This section names the recurring engineering patterns that engines adopt for per-process introspection, so PostgreSQL’s specifics read as choices within a shared space.

Single-writer shared-memory status slot per worker

Section titled “Single-writer shared-memory status slot per worker”

Every multi-process (or multi-threaded) engine reserves one fixed slot of shared memory per worker, indexed by a stable worker id. The worker is the sole writer of its slot; any other process is a reader. This single-writer invariant is what makes cheap publication possible — there is never write-write contention on a slot, only the comparatively rare read-during-write race, which the seqlock handles. PostgreSQL sizes the array at MaxBackends + NUM_AUXILIARY_PROCS and indexes it by ProcNumber.

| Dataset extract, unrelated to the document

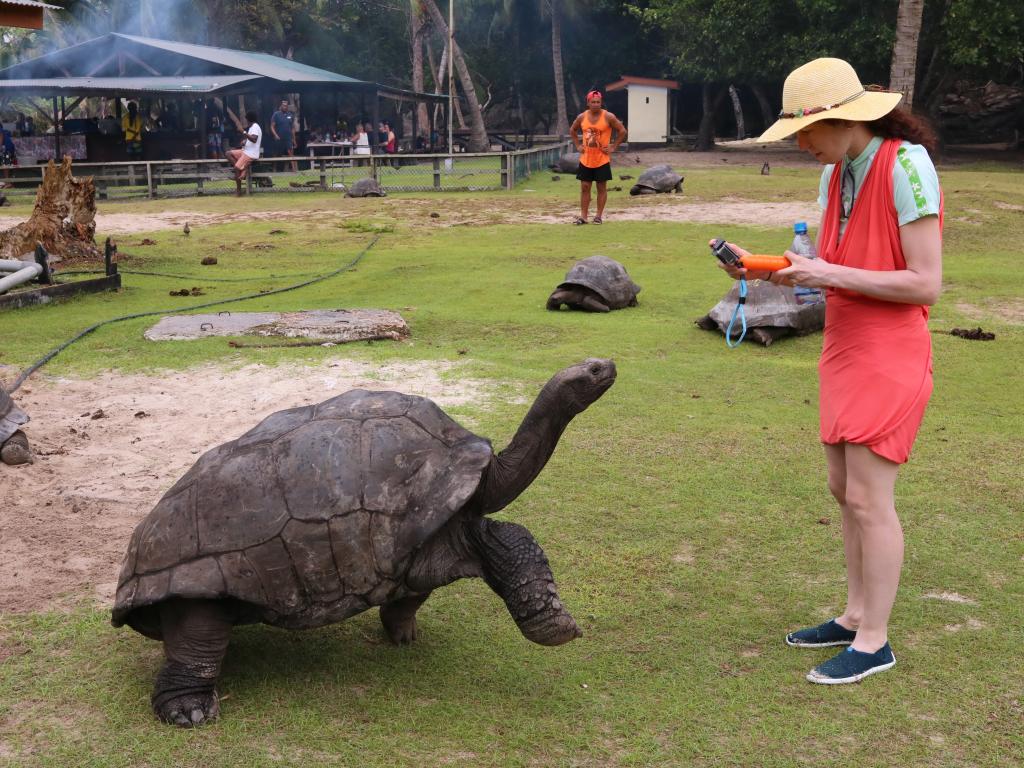 Schildkröte, Curieuse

A reader cannot take a lock the writer needs, so the canonical lock-free publication uses an even/odd version counter:

  • Writer: count++ (now odd) → write barrier → mutate fields → write barrier → count++ (now even).
  • Reader: read count (must be even) → read barrier → copy fields → read barrier → re-read count; if unchanged and even, the copy is consistent; otherwise retry.

The odd value signals “mutation in flight.” The memory barriers stop the CPU or compiler from reordering the counter bumps around the field writes. This is exactly Linux’s seqlock applied to a per-backend record.

A separate “free” instrumentation word for the hottest signal

Section titled “A separate “free” instrumentation word for the hottest signal”

The very hottest signal — “I just started waiting / I just stopped waiting” — is poked so often (every lock, every buffer I/O) that even the seqlock’s barriers are too expensive. Engines special-case it as a single machine-word store that is atomic by virtue of alignment, needing no counter and no barrier, accepting that a reader may observe a momentarily stale value. PostgreSQL splits the wait event out of PgBackendStatus entirely: it lives as MyProc->wait_event_info, written by a bare *(volatile uint32 *) store.

Wait reasons are encoded as an integer whose high bits name a class (lock, I/O, IPC, timeout, client, activity) and whose low bits name the specific event within the class. A reader masks off the class to render the type column and the event column separately. This keeps the wire representation a single integer while preserving a two-level taxonomy.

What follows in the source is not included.